ASSIGNMENT:
Omit the pictures, but give back every entry below exactly as written.

Short web captions
=== Section Start ===
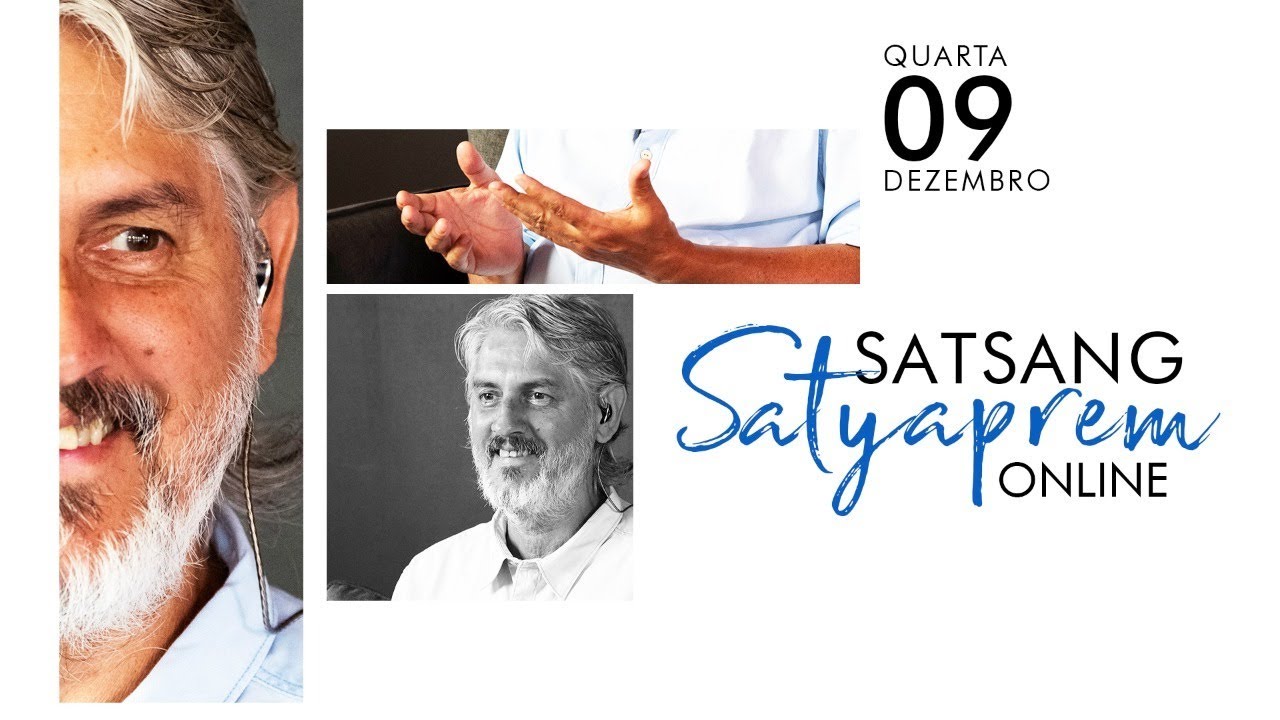 [LIVE] Satsang com Satyaprem | Sítio Leela, 9/dez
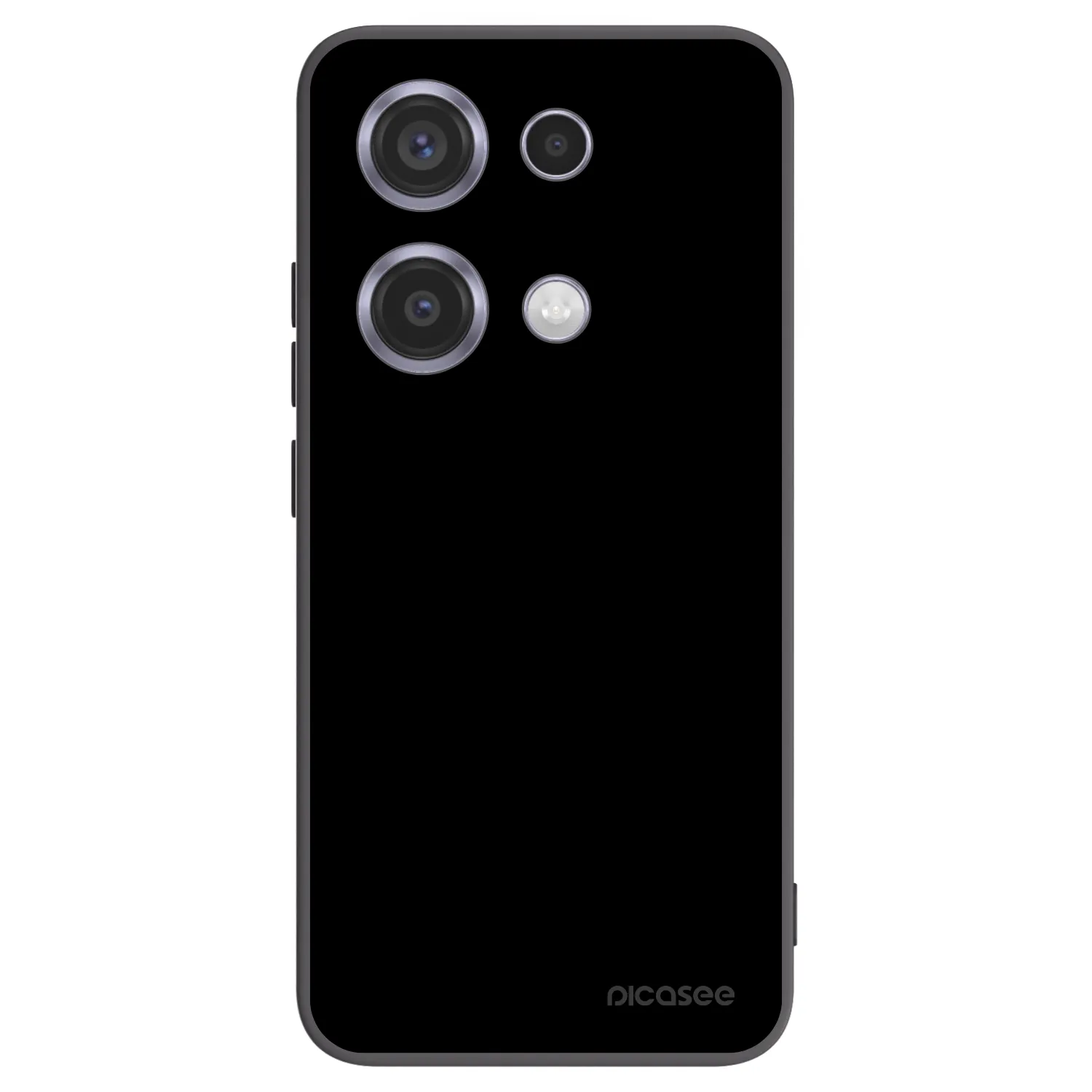 Picasee silikónový čierny obal pre Xiaomi Redmi Note 14S - Black Bliss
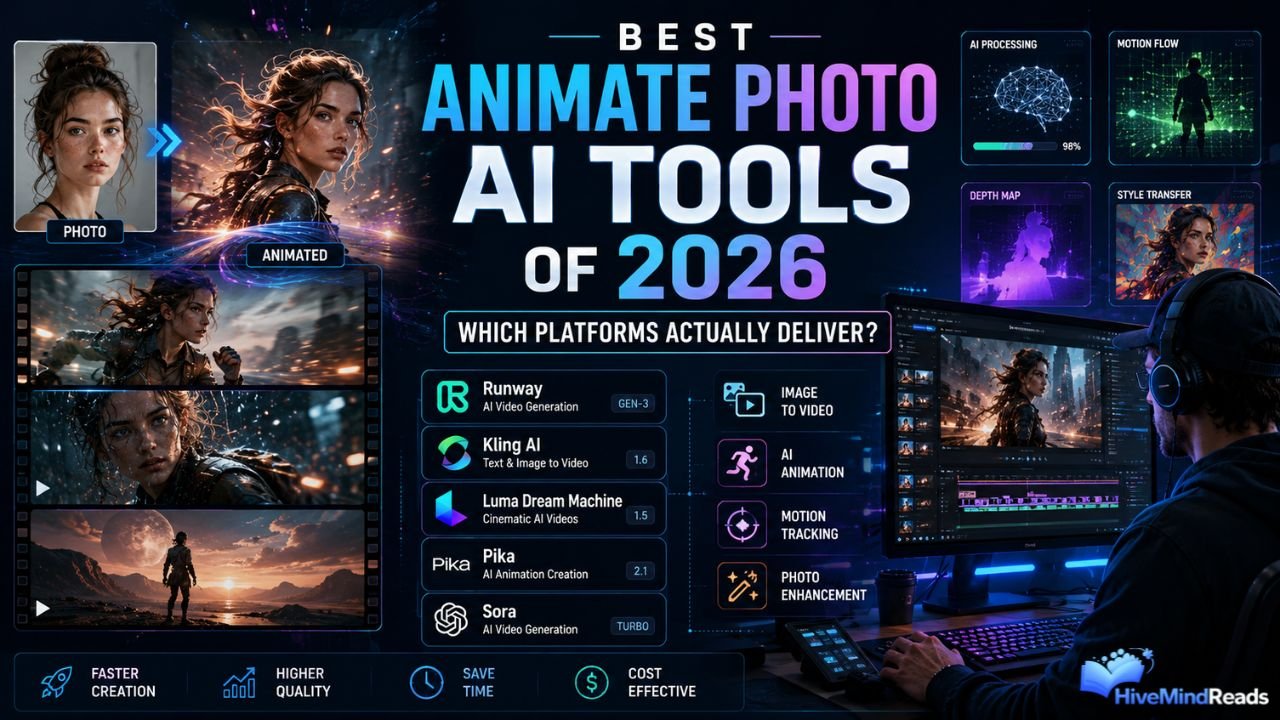 Best Animate Photo AI Tools 2026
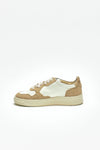 Sneakers MEDALIST LOW-AULW-TA03 in pelle donna Autry - 4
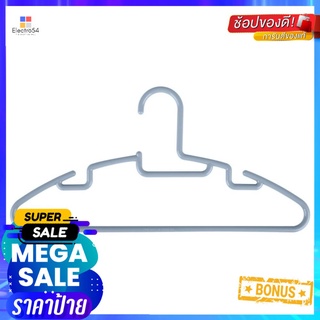 ไม้แขวนเสื้อ H-056GY เทา PLIM (1x6)CLOTHES HANGER PLIM H-056GY PACK6 GRAY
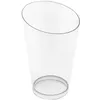 Image de 25 verrines biseau réutilisables 7.5cl transparent - chalayer 005600500000000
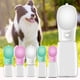thumbnail image 3 of Botella de agua portátil para perros pequeños y grandes, tazón de viaje para cachorros, caminar al aire libre, taza para beber para gatos, 350/550ml, 3 of 4
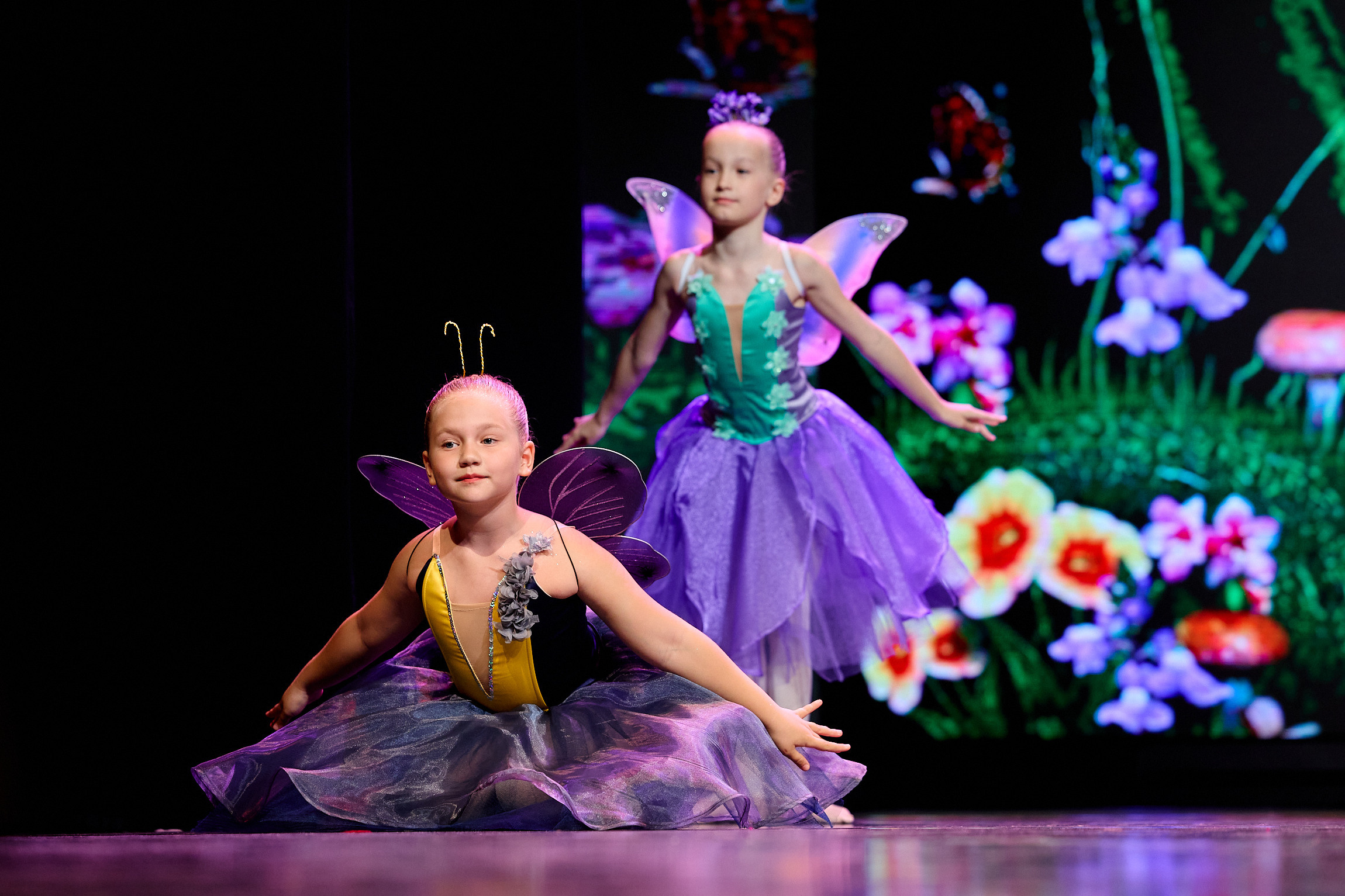 Отчётный концерт PrimBallerina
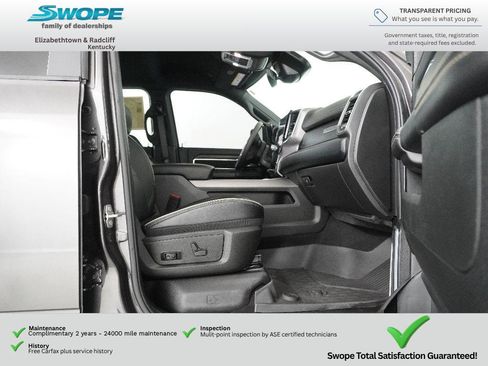 Used 2025 RAM 3500 Laramie w/ Towing Technology Group AWD/4WD image 8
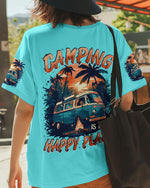 BLISSCORNERS CAMPING IS MY HAPPY PLACE ALL OVER PRINT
=== Section End ===
RESULT FOR THIS TASK:
 [LIVE] Satsang com Satyaprem | Sítio Leela, 9/dez
 Picasee silikónový čierny obal pre Xiaomi Redmi Note 14S - Black Bliss
 Best Animate Photo AI Tools 2026
 Sneakers MEDALIST LOW-AULW-TA03 in pelle donna Autry - 4
 ไม้แขวนเสื้อ H-056GY เทา PLIM (1x6)CLOTHES HANGER PLIM H-056GY PACK6 GRAY
 Image de 25 verrines biseau réutilisables 7.5cl transparent - chalayer 005600500000000
thumbnail image 3 of Botella de agua portátil para perros pequeños y grandes, tazón de viaje para cachorros, caminar al aire libre, taza para beber para gatos, 350/550ml, 3 of 4
 Отчётный концерт PrimBallerina
 Used 2025 RAM 3500 Laramie w/ Towing Technology Group AWD/4WD image 8
 BLISSCORNERS CAMPING IS MY HAPPY PLACE ALL OVER PRINT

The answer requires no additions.